While 1 Thessalonians 5 is applicable to all of the Christian life, it has repeated overtones of the weekly public worship service:
- Weekly public worship is one of the several kinds of “day of the Lord” that we can speak of
- As seen in 1 Corinthians, drunkenness and sobriety is particularly applicable to the Lord’s supper
- Our response to church leaders is especially important in the liturgical setting
- Admonishment, encouragement, rejoicing, prayer, thanksgiving, prophecy, and testing-discernment all take place in public worship
- The command to “always rejoice” has particular application to public worship; in Jesus’s presence we have a sort of weekly heavenly furlough from our battle in the world, and are “not [to] be grieved, for the joy of Yahweh is your strength” (Neh. 8:10)

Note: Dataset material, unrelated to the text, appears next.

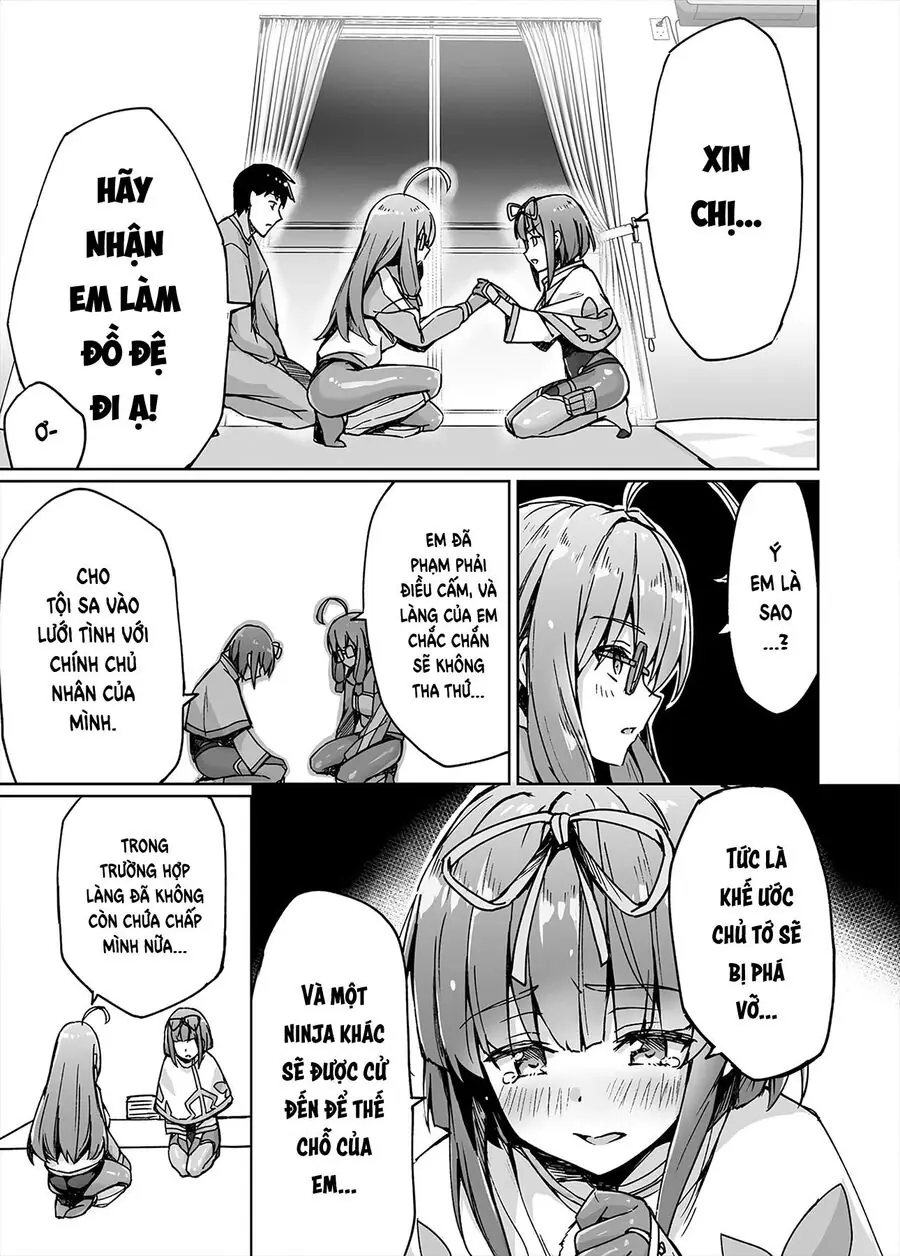 Tôi bỗng nhiên bắt đầu sống chung với một nữ ninja NEET Otaku Chapter 11 - Trang 5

- The focus of the Spirit’s work, and the occasions where we have the most danger of quenching the Spirit, are in the “one another” settings of the whole body of Christ such as public worship
Verse 18 carries similar overtones: in all, give thanks. Translating this as “in all circumstances” or “in all things” is certainly correct; we would not limit its application to public worship. However, it has an intensive application to public worship, where we corporately give thanks to God. And, as the church has recognized throughout history, our giving thanks for the bread and for the wine means that thanksgiving is an appropriate synecdoche for the Lord’s supper.
Thus, weekly communion: in all worship, eucharist!